#### Task requirements:
Starting from the line that holds "For rent 3 bedrooms", output exactly each line through the end of the listing. Do not copy pictures.

=======

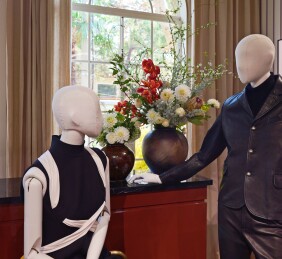 用假人模特营造的男性和女性在吧台交谈场景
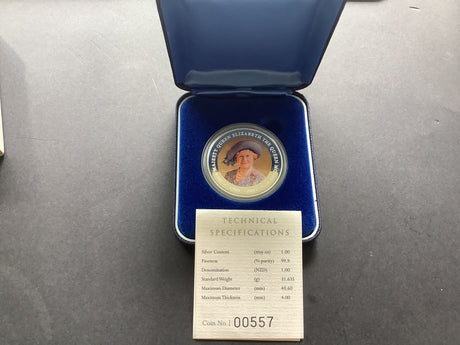 2002 The Queen Mother 1900-2002. 1 Ounce Silver Coin.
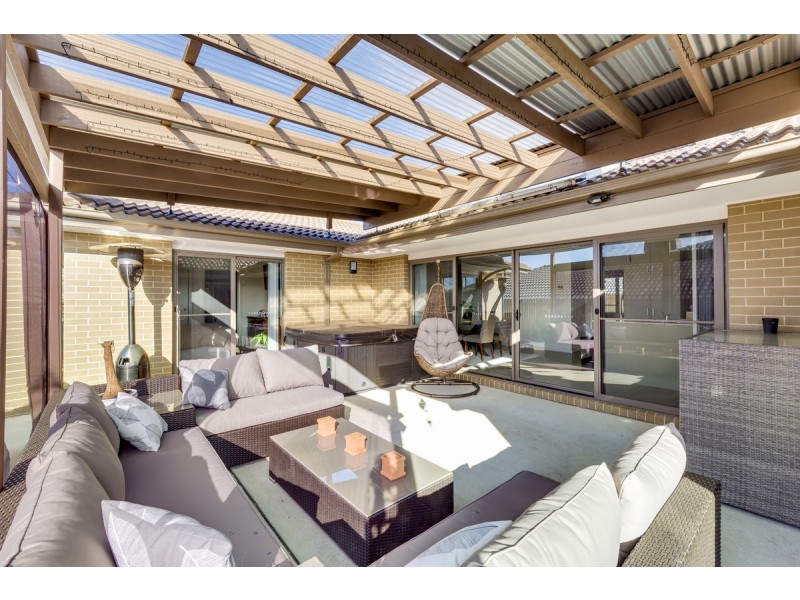 12 Eric De Salis Street, Macgregor ACT 2615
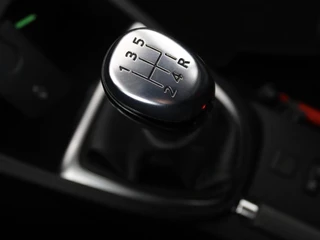 Renault Captur Renault Captur 0.9 TCe Edition One | Leder | Achteruitrijcamera | Stoelverwarming | Navigatie | Cruise Control | Apple CarPlay | keyless entry | DAB | LMV - afbeelding nr 16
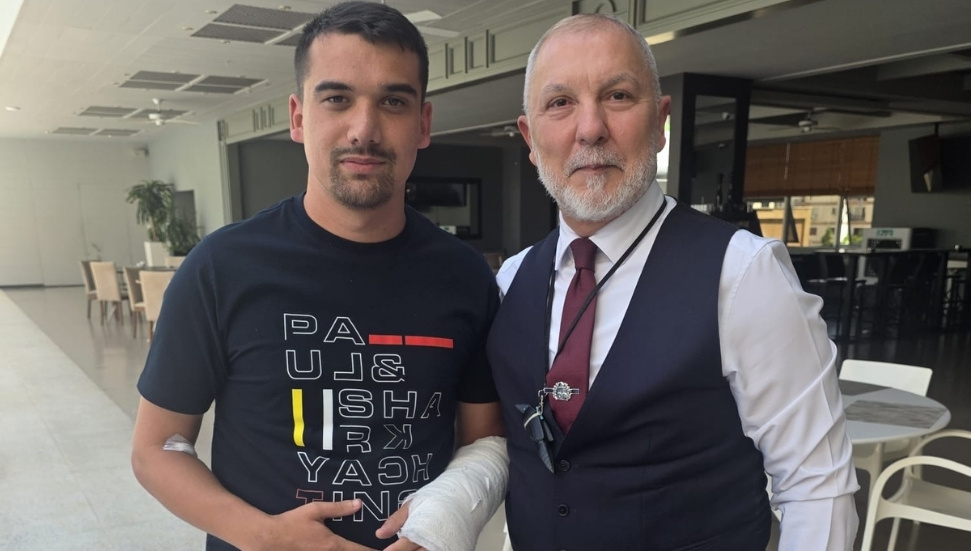 Serhat Akpınar’dan gemi kazasından kurtulan Alper Akkaya’ya ziyaret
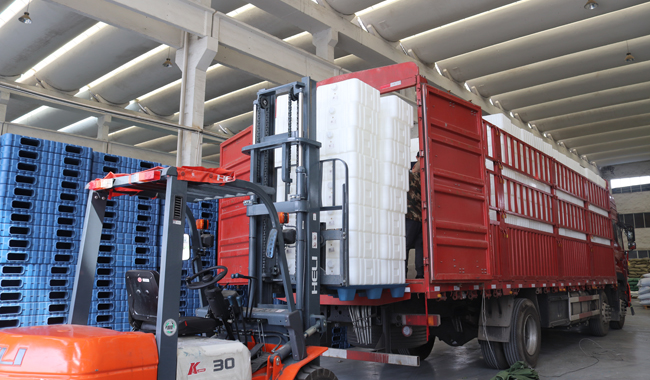 打鐵必須自身硬，質(zhì)量好的塑料托盤有什么要求？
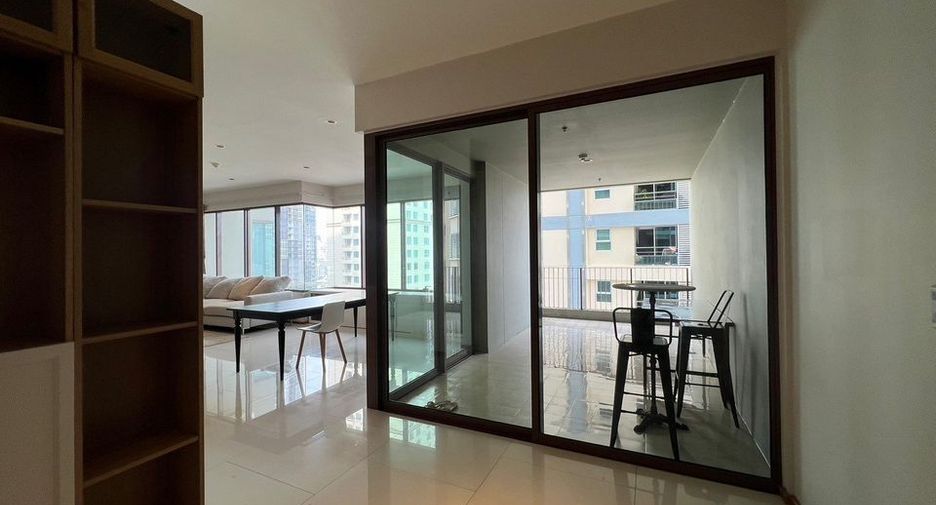 For rent 3 bedrooms condo in Khlong Toei, Bangkok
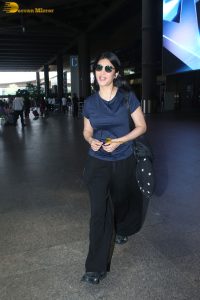 actress shruti haasan beautiful at mumbai airport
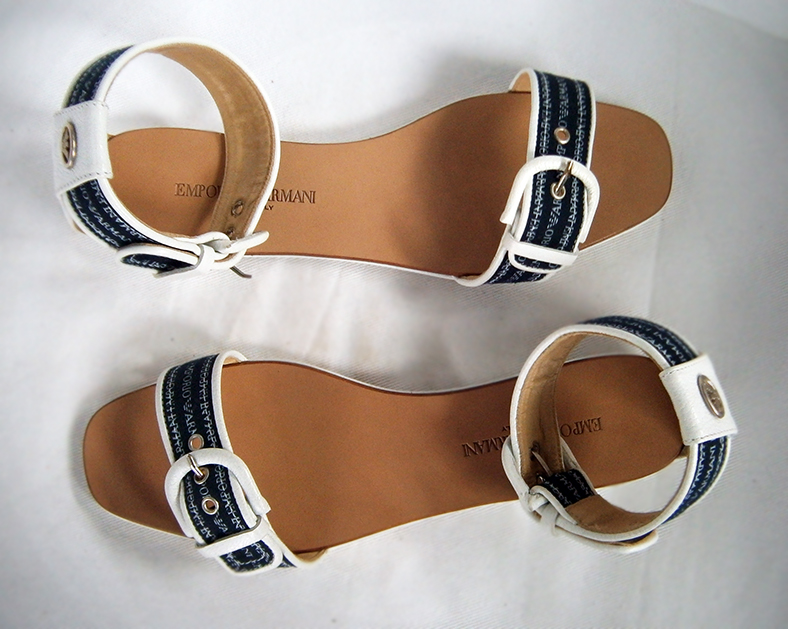 Woman shoes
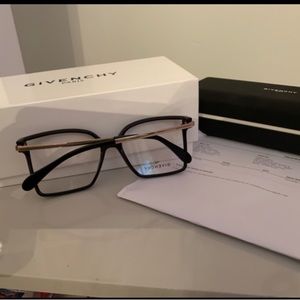 Givenchy Frames no prescription. Brand new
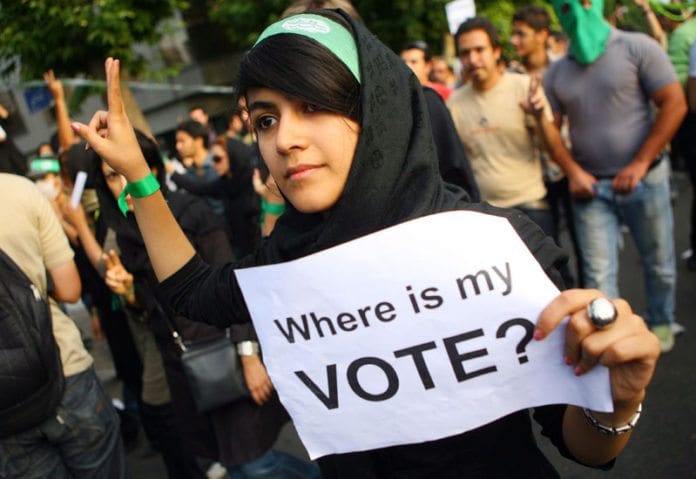 Iranerne skal fredag stemme i det nasjonale parlamentsvalget. (Illustrasjon: Free Babak Dashab 2, flickr.com) Iranerne skal fredag stemme i det nasjonale parlamentsvalget. (Illustrasjon: Free Babak Dashab 2, flickr.com)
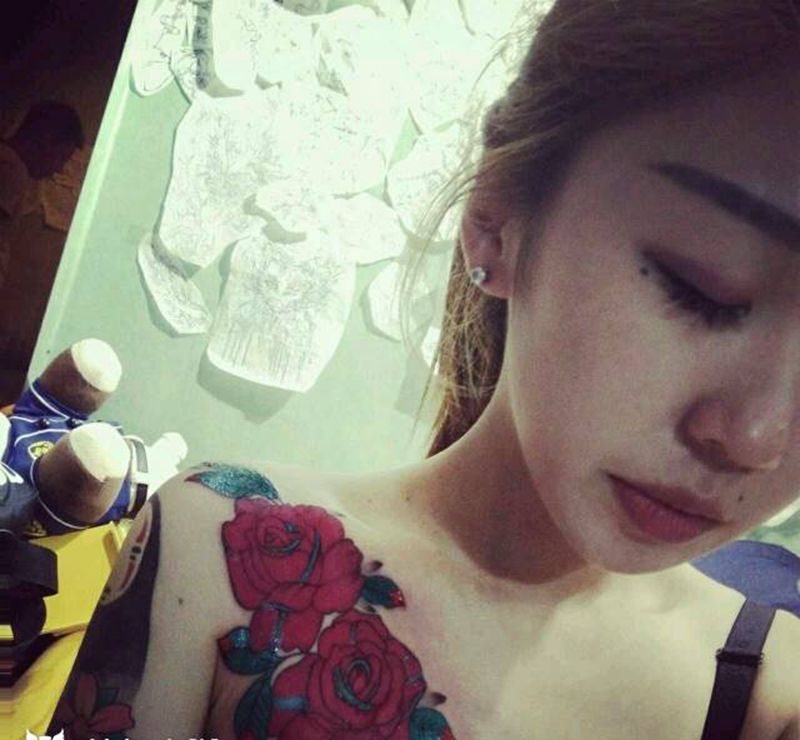 肩膀欧美花重彩纹身图片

=======

#### Exercise response:
 For rent 3 bedrooms condo in Khlong Toei, Bangkok
 actress shruti haasan beautiful at mumbai airport
 Woman shoes
 Givenchy Frames no prescription. Brand new
 Iranerne skal fredag stemme i det nasjonale parlamentsvalget. (Illustrasjon: Free Babak Dashab 2, flickr.com) Iranerne skal fredag stemme i det nasjonale parlamentsvalget. (Illustrasjon: Free Babak Dashab 2, flickr.com)
 肩膀欧美花重彩纹身图片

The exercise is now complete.